The couple filed the lawsuit in Denver District Court and named the amusement park as the sole defendant.
“They will use this civil action to force the full truth to be disclosed to them, and to the public,” Dan Caplis, an attorney representing Wongel’s family, said in a statement. “Their mission is to protect other families by holding all who are responsible for the killing of their daughter fully accountable, and by sending a loud and clear message to the entire amusement park industry.”
The lawsuit identified the two operators of the Haunted Mine Drop as Steve Ochoa and Toby Williams. A spokesperson for the amusement park declined to comment, citing the pending litigation.

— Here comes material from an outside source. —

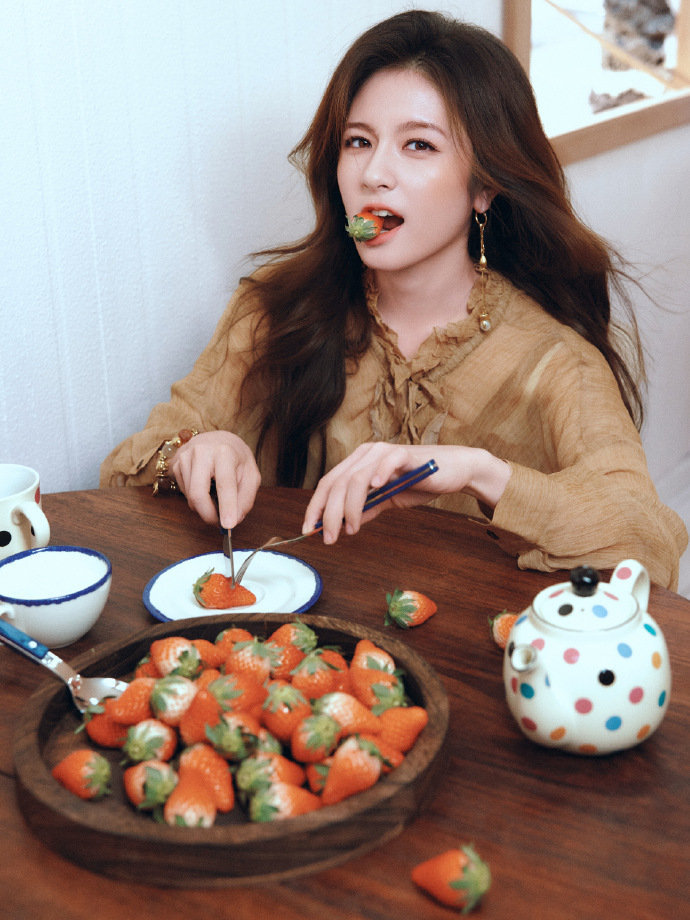 李兰迪 我支持微博之夜有下午茶 微博之夜绝喵档案  喵呜~这波许愿我举双手赞成！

Wongel Estifanos was sitting on top of a locked seat belt before she died Sept. 5 on the Haunted Mine Drop, which plunges riders more than 100 feet in three seconds, according to a report by the Colorado Department of Labor and Employment, which oversees amusement parks across the state.
Because she was not restrained, she fell to the bottom of the ride’s shaft, causing her death, the report stated.
State investigators found that the ride operators’ oversight was among the errors that led to Estifanos’ death. Investigators also found that the operators did not have an adequate understanding of the alarms on the control panel and had inadequate training.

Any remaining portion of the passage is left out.